WHAT IS NEEDED
Give again exactly the lines that stretch from the one with "Young woman looking at her phone indoors" to the end of the data below, including both of those lines and nothing else.
** Opening ENTRIES PROVIDED block **
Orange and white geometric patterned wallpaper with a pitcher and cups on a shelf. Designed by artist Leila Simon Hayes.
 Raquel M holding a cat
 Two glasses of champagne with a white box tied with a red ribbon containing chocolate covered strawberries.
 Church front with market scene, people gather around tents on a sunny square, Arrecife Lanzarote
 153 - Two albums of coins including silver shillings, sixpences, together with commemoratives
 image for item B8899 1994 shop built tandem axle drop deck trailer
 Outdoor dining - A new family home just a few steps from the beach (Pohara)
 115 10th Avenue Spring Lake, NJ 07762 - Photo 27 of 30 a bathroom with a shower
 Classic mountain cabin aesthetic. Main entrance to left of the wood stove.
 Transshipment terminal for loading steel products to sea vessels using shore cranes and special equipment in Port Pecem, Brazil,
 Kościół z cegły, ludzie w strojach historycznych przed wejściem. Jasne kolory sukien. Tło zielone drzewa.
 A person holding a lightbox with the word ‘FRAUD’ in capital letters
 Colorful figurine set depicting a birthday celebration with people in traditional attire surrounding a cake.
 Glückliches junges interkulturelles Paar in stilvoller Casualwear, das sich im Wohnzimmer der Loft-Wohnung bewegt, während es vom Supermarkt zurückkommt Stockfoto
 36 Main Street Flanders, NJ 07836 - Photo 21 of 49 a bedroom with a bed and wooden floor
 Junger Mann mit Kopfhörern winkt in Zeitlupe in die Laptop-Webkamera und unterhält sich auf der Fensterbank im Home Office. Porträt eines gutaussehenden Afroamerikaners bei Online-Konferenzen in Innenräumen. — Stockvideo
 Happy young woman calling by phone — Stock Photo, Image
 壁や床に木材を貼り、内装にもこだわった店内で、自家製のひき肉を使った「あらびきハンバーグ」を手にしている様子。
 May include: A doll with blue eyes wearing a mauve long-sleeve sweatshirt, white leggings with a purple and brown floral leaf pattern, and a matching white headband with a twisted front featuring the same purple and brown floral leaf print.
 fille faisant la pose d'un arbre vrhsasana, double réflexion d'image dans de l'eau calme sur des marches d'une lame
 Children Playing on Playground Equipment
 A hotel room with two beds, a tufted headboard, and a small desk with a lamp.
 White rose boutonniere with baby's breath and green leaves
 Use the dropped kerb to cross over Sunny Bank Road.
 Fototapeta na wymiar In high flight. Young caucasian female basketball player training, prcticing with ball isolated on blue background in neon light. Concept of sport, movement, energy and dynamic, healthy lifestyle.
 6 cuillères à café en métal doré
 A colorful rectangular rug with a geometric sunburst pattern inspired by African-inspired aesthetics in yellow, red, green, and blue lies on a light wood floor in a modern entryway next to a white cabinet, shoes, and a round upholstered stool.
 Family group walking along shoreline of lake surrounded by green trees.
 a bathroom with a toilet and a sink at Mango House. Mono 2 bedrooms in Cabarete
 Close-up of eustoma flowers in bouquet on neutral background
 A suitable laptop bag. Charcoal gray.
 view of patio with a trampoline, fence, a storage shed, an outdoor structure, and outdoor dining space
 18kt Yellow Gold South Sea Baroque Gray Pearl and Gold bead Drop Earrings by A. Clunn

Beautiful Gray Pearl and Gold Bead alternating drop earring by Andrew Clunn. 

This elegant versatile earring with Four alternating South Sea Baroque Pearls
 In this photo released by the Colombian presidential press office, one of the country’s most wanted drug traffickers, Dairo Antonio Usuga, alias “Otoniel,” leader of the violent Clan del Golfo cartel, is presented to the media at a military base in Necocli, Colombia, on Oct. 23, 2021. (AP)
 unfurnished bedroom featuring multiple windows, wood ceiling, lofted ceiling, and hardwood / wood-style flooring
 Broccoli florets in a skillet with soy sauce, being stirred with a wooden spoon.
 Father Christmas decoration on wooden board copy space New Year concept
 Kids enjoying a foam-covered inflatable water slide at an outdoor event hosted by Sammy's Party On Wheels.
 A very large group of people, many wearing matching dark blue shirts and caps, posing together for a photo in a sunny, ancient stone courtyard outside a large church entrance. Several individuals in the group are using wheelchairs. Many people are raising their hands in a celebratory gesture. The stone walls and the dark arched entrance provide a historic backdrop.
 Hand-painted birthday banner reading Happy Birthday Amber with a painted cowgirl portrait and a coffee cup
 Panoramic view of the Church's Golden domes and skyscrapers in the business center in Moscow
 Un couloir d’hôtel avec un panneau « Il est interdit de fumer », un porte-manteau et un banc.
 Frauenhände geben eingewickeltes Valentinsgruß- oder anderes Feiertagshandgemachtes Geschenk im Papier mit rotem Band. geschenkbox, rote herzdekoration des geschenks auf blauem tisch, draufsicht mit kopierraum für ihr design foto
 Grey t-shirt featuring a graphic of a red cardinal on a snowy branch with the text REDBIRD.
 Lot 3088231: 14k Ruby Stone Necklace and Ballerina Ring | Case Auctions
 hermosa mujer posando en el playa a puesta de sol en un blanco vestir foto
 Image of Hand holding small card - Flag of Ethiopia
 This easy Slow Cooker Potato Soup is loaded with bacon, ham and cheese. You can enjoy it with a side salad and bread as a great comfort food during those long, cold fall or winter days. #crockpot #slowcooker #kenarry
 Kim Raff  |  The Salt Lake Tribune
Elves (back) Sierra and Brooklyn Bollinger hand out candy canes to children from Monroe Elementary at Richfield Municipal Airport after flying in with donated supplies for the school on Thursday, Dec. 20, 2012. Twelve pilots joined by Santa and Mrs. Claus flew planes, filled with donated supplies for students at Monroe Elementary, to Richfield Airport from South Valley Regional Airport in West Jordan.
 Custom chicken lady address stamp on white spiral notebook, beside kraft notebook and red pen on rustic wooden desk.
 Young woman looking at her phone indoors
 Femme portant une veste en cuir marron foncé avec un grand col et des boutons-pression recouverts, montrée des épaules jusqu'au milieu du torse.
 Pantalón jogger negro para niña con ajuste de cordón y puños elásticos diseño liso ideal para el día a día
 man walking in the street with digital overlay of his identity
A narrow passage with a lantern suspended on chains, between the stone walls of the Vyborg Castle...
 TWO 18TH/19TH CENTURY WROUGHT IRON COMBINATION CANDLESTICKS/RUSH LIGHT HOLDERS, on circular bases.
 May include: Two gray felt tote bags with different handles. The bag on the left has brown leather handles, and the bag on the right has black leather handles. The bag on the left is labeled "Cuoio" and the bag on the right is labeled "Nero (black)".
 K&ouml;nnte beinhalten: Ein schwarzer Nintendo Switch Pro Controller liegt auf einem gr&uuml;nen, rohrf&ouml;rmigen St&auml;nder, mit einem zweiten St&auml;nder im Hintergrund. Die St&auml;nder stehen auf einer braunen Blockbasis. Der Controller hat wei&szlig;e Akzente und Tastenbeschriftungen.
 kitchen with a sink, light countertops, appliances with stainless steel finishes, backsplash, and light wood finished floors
** Closing ENTRIES PROVIDED block **
RESPONSE FOR THIS EXERCISE
 Young woman looking at her phone indoors
 Femme portant une veste en cuir marron foncé avec un grand col et des boutons-pression recouverts, montrée des épaules jusqu'au milieu du torse.
 Pantalón jogger negro para niña con ajuste de cordón y puños elásticos diseño liso ideal para el día a día
 man walking in the street with digital overlay of his identity
A narrow passage with a lantern suspended on chains, between the stone walls of the Vyborg Castle...
 TWO 18TH/19TH CENTURY WROUGHT IRON COMBINATION CANDLESTICKS/RUSH LIGHT HOLDERS, on circular bases.
 May include: Two gray felt tote bags with different handles. The bag on the left has brown leather handles, and the bag on the right has black leather handles. The bag on the left is labeled "Cuoio" and the bag on the right is labeled "Nero (black)".
 K&ouml;nnte beinhalten: Ein schwarzer Nintendo Switch Pro Controller liegt auf einem gr&uuml;nen, rohrf&ouml;rmigen St&auml;nder, mit einem zweiten St&auml;nder im Hintergrund. Die St&auml;nder stehen auf einer braunen Blockbasis. Der Controller hat wei&szlig;e Akzente und Tastenbeschriftungen.
 kitchen with a sink, light countertops, appliances with stainless steel finishes, backsplash, and light wood finished floors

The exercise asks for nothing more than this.